When I think now of Long Kesh I see in my mind’s eye a place of rain and mists, and I hear the wind’s whistle piercing the wire. But there was sun and there was stillness. I remember I lay on the roof of a Nissen hut squinting up at the sky and I watched a sparrowhawk circle above, waiting for prey. At the end of the hut, the arms of the semaphore signaller jerked, the wind battered his flags, and a helicopter swooped low in imitation of the birds, mobbing dives to drive the signaller off the roof. Below in the cage, men passed back and forth in the Long Kesh uniform of jeans, T-shirt, bomber jacket and boots. I learned a new vocabulary: do you whack, dry your eyes, gate fever, Dear John. And I fell into the day’s rhythms, fashioned in this special place by prison and prisoners: huts unlocked in the morning at seven; exercise, showers, breakfast before nine; dinner at twelve; tea at four; lock-up at nine; and in between books, letters, football, debate, drill, radio, television, conversation and speculation over cups of tea. There were calls from the screws at the gate for visits, sick, governor, court; sometimes, even, release. The prisoners called the doctor Jimmy Cagney. He had that sort of attitude to the sick.

By October the mists were frequent, and they made a beautiful sight, furring the light of the place: the strobe white of the searching beams; the orange and yellow of the sodium lamps; red from something else, some warning sign; stars, harvest moons. It grew chilly and damp.
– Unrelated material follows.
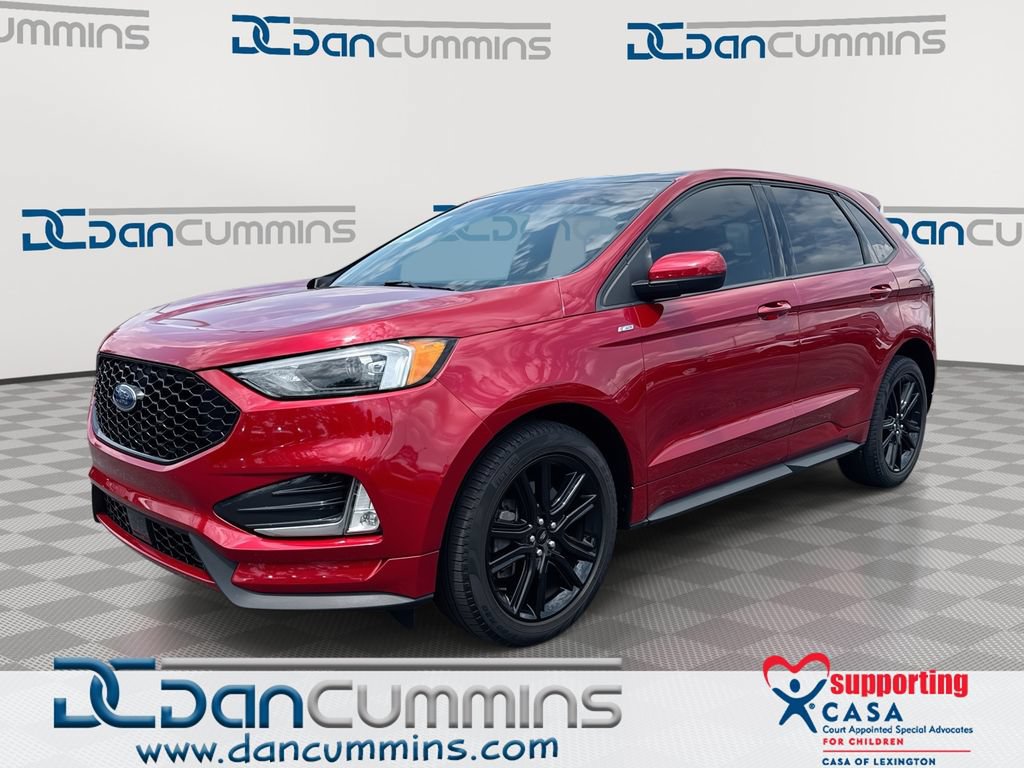 Used 2024 Ford Edge ST-Line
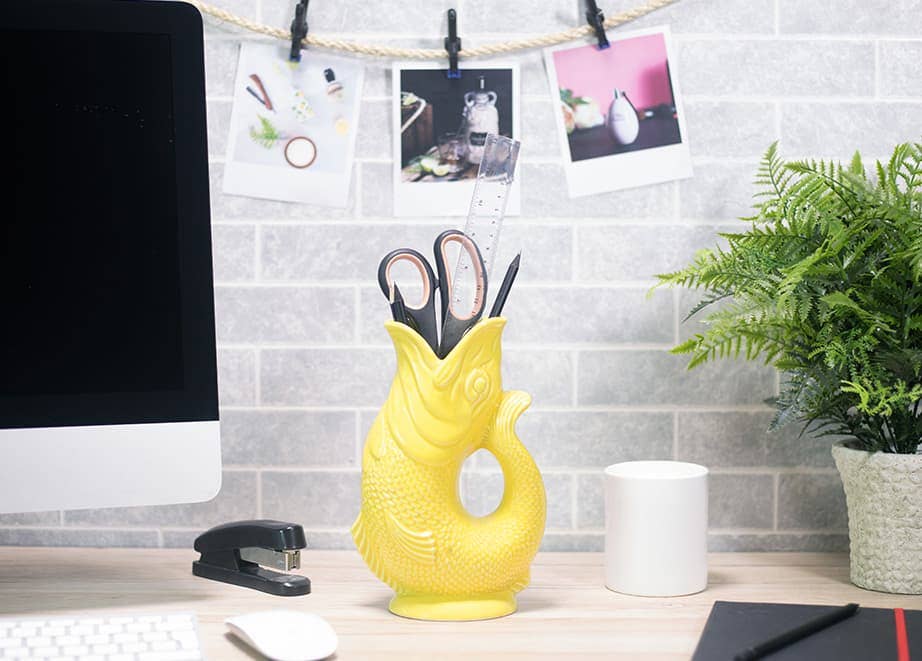 Yellow Gluggle Jug: Mini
I wondered what this place would be like under snow. I wrote and received letters at a furious and, it turned out, unsustainable pace. Visits continued. For thirty minutes once a week in a corner of the visiting cubicle, out of sight of the patrolling screw, I could hold and kiss her, and I could, at times of loneliness and dejection, recall the feel of her, her breasts against my chest, arm round my waist. And I would feel comforted and also, strangely, quite fearless.

Prison and prisoners negotiated an end to the food and linen protest. Sheets to sleep in, food to eat. Our relatives could once again send parcels. Baps, sodas, potato bread, chops. The food was collected in the commune’s “dump” and shared out equally and we took turns to cook. On the night of my first turn I was pushing chops and soda farls around in melted margarine when Peter John came up with Adrian, his adjutant. Every cage had its staff: education officer, training officer, quarter-master, adjutant, and officer-in-charge - the OC. Peter John, a tall, aloof, quietly spoken county Tyrone man with a ginger-grey beard, a veteran of the Fifties border campaign, was OC of Cage 21. He was in for possession of guns. Gusty Spence, at that time the most famous of loyalists, was said to have shaken his head at the unreasonableness of Peter John’s arrest. “Always keep a pike in the thatch, Peter John.” Peter John told me to leave the cooking.
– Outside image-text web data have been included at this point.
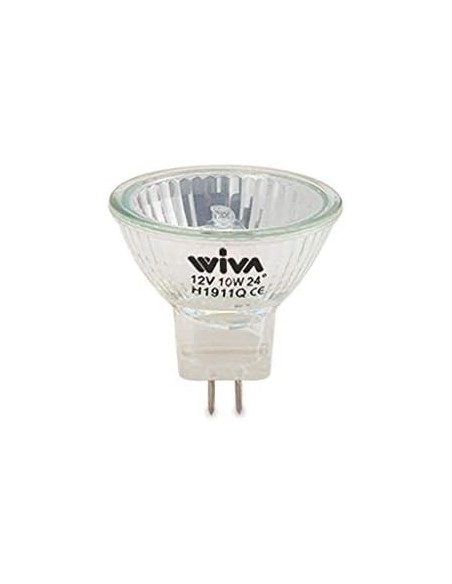 "Wiva Dicroica Alogena MR16 12V 35W GU5.3 Ø 51 36°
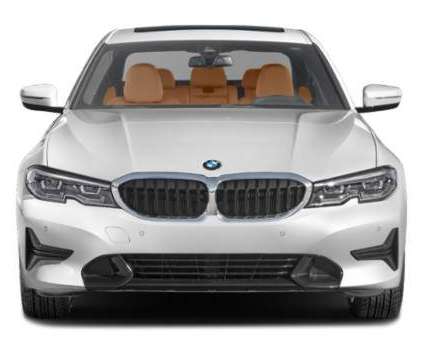 2022 BMW 3 Series xDrive is a Black 2022 BMW 3-Series Sedan in Freeport NY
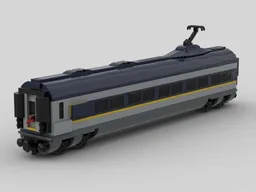 Class 374 "EuroStar" Dining Car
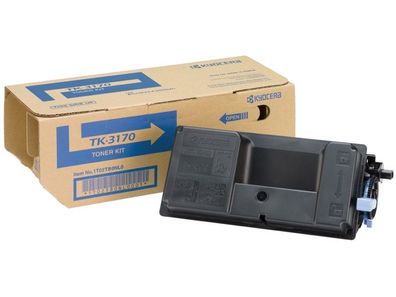Kyocera Toner TK-3170 Schwarz (ca. 15.500 Seiten)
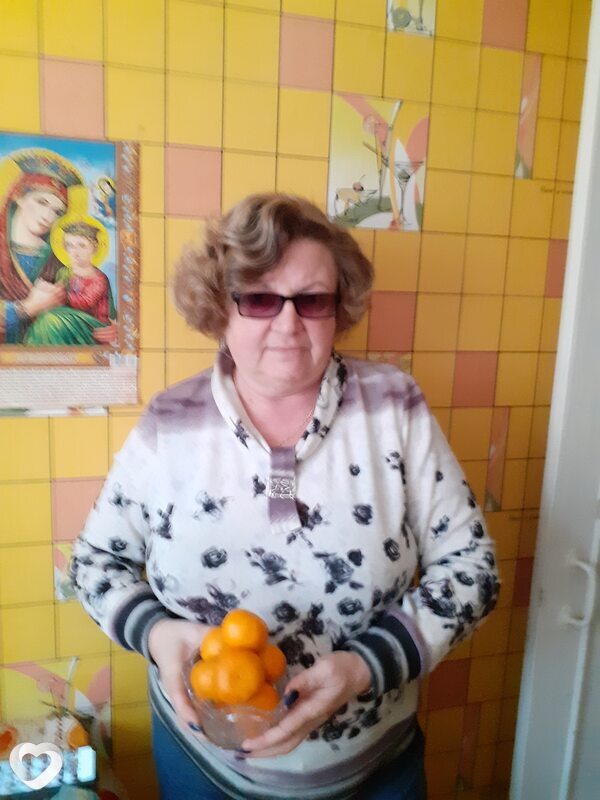 Светлана, 59, Гукове — анкета №226199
I followed him and Adrian, a young Armagh man with steel grey hair and a ferocious squint, wondering but not asking what this was about. Their manner was measured but urgent. Adrian told me to climb with him on to the roof of one of the huts and shout a message over to the internees in a neighbouring cage. Semaphore being useless at night, communication was by messages shouted from roof to roof, cage to cage in Gaelic. Back then, my Irish was passably good. I shouted to the internees, telling them to get someone who could speak Irish. A few minutes later I was answered.
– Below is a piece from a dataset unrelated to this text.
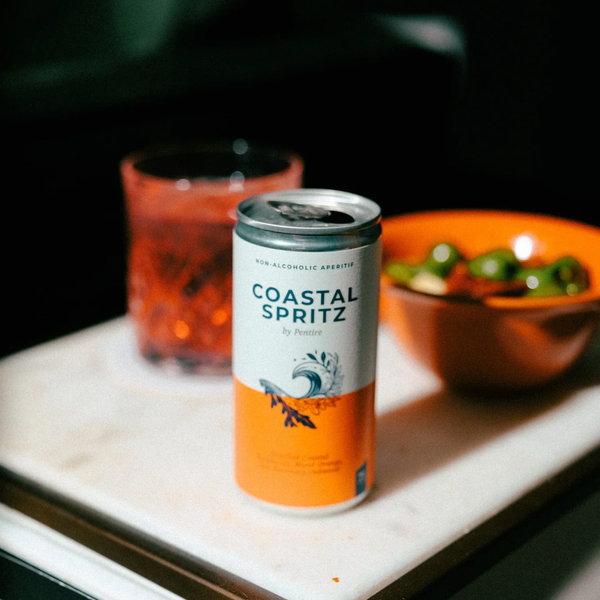 Pentire Ready To Drink Cocktails - Margarita, Paloma & Coastal Spritz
“What’s the message?” I asked Adrian. He said, “Tell them we’re burning the place down tonight.” I took a deep breath and shouted, speculating as I did so about the likely consequences: none seemed promising. I shouted the message over to the internee. “Maith go leor [fair enough],” was the reply. From the tone I did not get the impression he welcomed the news any more than I did. But there was no question: we would burn the place to the ground. A searchlight from one of the watchtowers hit us full in the face, then swept the cage. The eighty or so prisoners were rushing out of the huts to form squads. They faced the gate, ready to resist an invasion. I followed the searchlight beam as it shifted to Cage 20, which abutted us and where the prisoners were also lining up in squads. A helicopter swooped. Adrian clambered down and I took a last look at the camp. The screws were in full flight. Stamping feet, rushing, shouting.

Ronan Bennett in London in May 1977. Photograph: United News/Popperfoto via Getty Images
Ronan Bennett in London in May 1977. Photograph: United News/Popperfoto via Getty Images

I joined a squad and waited. I cannot now remember when I first became aware that parts of the camp were ablaze, but there were flames soon enough: long, thin knife blades, they could be seen, we learned later, from Belfast. The screws and soldiers retreated to guard the perimeter against a mass breakout and so we were left free to destroy the place. Looking now at the aerial photographs taken the following day of the wreckage of the flimsy huts, which crumpled after only a few minutes, I think of cigarette ash; I feel I could almost blow the debris of Long Kesh away. And that October night Long Kesh - that most forbidding prison - did seem an insubstantial thing, something we could wreck almost at our leisure. Fire and riot are intoxicating things. My earlier misgivings evaporated; I was in this, enthusiastically a part of it. In a previous life I had marched in protest against Long Kesh’s existence; now I was rioting to end its existence.

After we had pulled down the wire and broken out of our cages, we congregated in the two cinder football pitches, divided by a fence in which there was a narrow gate, at the camp’s centre. I suppose there must have been around a thousand men. Some stood guard, others dozed. Friends and brothers and cousins, long separated by cage wire, went in search of each other. Republicanism is very much a family affair. There were happy reunions, and a thousand rumours. The one that caused me deepest anxiety held that we would be rounded up and packed off to prisons in England. I had a flashback to my time in Crumlin Road jail. I had not yet come to terms with the demands of Long Kesh solidarity but I knew enough to fear its alternatives of vulnerability and isolation. Raiding parties went out and returned from the plundered stores with chocolate and cans of Coke.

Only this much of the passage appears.